# Q4 Shoulders of Giants (15 points)
As we have already seen, deep networks can sometimes be hard to optimize. Often times they heavily overfit on small training sets. Many approaches have been proposed to counter this, eg, [Krahenbuhl et al. (ICLR’16)](http://arxiv.org/pdf/1511.06856.pdf), self-supervised learning, etc. However, the most effective approach remains pre-training the network on large, well-labeled supervised datasets such as ImageNet. 

While training on the full ImageNet data is beyond the scope of this assignment, people have already trained many popular/standard models and released them online. In this task, we will initialize a ResNet-18 model with pre-trained ImageNet weights (from `torchvision`), and finetune the network for PASCAL classification.

## 4.1 Load Pre-trained Model (7 pts)\
Load the pre-trained weights up to the second last layer, and initialize last weights and biases from scratch.

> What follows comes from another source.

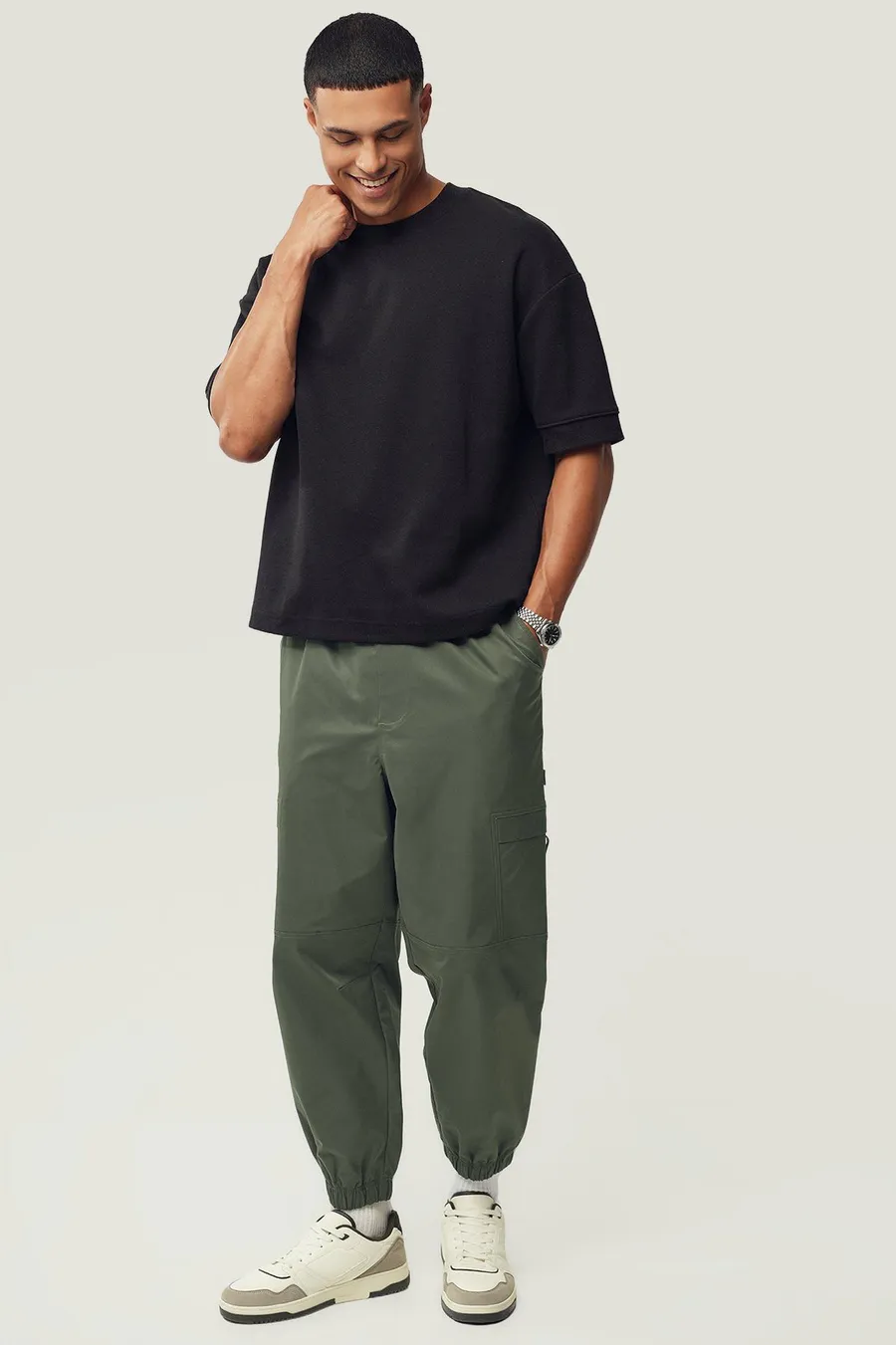 Calças jogger em poliéster · Homem · Verde Oliveira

The model loading mechanism is based on names of the weights. It is easy to load pretrained models from `torchvision.models`, even when your model uses different names for weights. Please briefly explain how to load the weights correctly if the names do not match ([hint](https://discuss.pytorch.org/t/loading-weights-from-pretrained-model-with-different-module-names/11841)).

**YOUR ANSWER HERE**

In [1]:
import torch
import torch.nn as nn
import torch.nn.functional as F
from torchvision import models
import matplotlib.pyplot as plt
%matplotlib inline

import trainer
from utils import ARGS
from simple_cnn import SimpleCNN
from voc_dataset import VOCDataset


# Pre-trained weights up to second-to-last layer
# final layers should be initialized from scratcH!
class PretrainedResNet(nn.Module):
    def __init__(self):
        super().__init__()
        ResNet = models.resnet18(pretrained=True)
        self.backbone = nn.Sequential(*list(ResNet.children())[:-1])
        for param in self.backbone:
            param.requires_grad = False
        self.classifier = nn.Linear(512,20,bias=True)
    
    def forward(self, x):
        features = self.backbone(x)
        features = features.view(-1, 512)
        out = self.classifier(features)
        return out
        

Use similar hyperparameter setup as in the scratch case. Show the learning curves (training loss, testing MAP) for 10 epochs. Please evaluate your model to calculate the MAP on the testing dataset every 100 iterations.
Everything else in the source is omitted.